Mishigamaa by Robert Krantz

Krantz submitted to the first issue of The Magnolia Review. His poems are magnetic and show poetic mastery. His language builds strong and lasting images. His chosen language sounds a melodious music to read aloud, a rhythm that you have to play to completion.

In “Pearl,” the speaker begins with, “I remember the wheat fields / of Iowa and the photograph / of you I took with me, / and how neither ever really ended.” The speaker continues, “We ate and loved / much in that decade, / collided with stars, / authored myths / and stuffed our age-spotted hands / into denim pockets.” The image and sound carries through the lines, building to the final image of “The half shells we find on beaches / were once a thing joined together, / breathing, and grinding / new pearls into place.” The poem builds like a pearl, with the images stringing together into a cohesive piece.

Laundry can be boring.
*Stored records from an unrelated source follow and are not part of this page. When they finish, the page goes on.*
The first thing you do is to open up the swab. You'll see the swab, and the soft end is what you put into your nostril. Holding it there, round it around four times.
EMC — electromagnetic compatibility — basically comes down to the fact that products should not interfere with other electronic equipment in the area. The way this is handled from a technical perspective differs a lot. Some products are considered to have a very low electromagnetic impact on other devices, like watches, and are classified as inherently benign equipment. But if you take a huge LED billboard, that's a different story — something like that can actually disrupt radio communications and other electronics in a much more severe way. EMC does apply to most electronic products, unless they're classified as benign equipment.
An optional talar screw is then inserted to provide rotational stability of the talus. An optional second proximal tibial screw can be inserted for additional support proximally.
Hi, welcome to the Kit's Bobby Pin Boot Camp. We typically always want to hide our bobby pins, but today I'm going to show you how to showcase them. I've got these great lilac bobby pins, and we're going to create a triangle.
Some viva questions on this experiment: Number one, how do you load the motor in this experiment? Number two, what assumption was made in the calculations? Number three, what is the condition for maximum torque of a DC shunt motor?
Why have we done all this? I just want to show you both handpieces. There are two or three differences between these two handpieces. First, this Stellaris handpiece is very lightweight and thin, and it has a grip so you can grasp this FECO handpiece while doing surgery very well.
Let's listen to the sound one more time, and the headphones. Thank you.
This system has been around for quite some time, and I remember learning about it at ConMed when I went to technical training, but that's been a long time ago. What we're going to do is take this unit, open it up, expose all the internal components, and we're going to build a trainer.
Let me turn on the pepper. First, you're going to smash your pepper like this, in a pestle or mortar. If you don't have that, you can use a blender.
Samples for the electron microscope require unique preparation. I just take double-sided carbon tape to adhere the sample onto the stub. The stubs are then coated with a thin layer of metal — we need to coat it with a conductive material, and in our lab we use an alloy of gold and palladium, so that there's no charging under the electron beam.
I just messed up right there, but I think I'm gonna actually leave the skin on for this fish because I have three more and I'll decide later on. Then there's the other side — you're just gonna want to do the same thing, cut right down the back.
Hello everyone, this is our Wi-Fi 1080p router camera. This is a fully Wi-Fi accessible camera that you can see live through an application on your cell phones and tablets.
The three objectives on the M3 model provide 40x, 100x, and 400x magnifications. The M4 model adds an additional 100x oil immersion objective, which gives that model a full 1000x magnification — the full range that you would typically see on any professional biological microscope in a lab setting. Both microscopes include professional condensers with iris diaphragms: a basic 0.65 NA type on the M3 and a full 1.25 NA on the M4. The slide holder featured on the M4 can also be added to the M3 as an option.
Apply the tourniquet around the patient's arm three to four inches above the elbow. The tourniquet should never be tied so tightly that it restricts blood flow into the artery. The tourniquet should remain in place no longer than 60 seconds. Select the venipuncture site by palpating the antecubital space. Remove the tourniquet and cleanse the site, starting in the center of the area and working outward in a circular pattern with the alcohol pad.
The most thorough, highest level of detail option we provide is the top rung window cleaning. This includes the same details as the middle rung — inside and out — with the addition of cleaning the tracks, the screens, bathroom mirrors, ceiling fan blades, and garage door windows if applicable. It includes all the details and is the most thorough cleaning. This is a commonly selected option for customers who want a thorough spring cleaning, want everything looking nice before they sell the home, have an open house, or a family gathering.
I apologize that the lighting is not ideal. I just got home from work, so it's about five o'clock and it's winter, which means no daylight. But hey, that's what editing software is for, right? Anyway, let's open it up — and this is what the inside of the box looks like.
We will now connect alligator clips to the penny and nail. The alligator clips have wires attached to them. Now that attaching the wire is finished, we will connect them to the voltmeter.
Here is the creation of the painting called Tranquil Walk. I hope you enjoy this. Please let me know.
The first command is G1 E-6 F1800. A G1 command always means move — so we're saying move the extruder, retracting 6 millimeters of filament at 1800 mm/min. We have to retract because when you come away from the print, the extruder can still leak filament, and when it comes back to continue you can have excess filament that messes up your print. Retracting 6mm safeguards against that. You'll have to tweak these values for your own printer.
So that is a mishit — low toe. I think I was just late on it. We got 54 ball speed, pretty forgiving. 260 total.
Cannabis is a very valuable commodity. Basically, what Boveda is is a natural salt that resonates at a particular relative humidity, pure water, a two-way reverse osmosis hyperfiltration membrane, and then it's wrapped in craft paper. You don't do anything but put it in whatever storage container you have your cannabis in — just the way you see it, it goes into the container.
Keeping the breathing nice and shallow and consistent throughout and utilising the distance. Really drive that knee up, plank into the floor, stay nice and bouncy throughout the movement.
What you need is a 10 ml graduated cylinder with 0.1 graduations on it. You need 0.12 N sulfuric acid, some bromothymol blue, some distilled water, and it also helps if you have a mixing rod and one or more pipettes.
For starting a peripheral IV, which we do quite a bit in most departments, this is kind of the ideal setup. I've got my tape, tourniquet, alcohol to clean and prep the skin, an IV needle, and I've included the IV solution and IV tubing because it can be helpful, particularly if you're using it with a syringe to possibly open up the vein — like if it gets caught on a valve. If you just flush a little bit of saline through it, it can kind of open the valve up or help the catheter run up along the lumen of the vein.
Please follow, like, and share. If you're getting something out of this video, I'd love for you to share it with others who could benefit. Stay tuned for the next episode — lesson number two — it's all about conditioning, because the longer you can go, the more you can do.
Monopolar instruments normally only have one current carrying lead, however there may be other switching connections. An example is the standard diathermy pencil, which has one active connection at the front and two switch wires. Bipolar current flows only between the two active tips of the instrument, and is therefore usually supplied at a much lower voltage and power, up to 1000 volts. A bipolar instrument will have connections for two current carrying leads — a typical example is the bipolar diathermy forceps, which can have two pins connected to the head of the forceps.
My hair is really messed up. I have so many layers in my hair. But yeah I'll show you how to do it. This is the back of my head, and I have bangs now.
The speaker reflects on his fellow laundry-doers in “Load,” where “The bachelors in the laundromat / spill their words / like bleach / on black clothes, / speak of condos / and alimonies— / thick humidities turning.” The clothes transform into more, they are “damp thoughts” as they wash, and they “…breathe[s] / restless poems / into my blues and grays. / Soon this summer rain / will end, volume of water / striking pavement / will knob itself silent.” Krantz ends the poem with a moment that draws the reader back to the reality of the laundromat, “The cash machine, / against the flecked wall, / reminds me to change.”

The collection ends with “Pathfinder,” about a hatchet and its story. It shares the story of two boys cutting down a tree and of a sibling wrestling game gone awry.

Overall, Krantz’s poems are musical and full of images that inspire looking at mundane events in a new and interesting way. I look forward to reading more of Krantz’s work.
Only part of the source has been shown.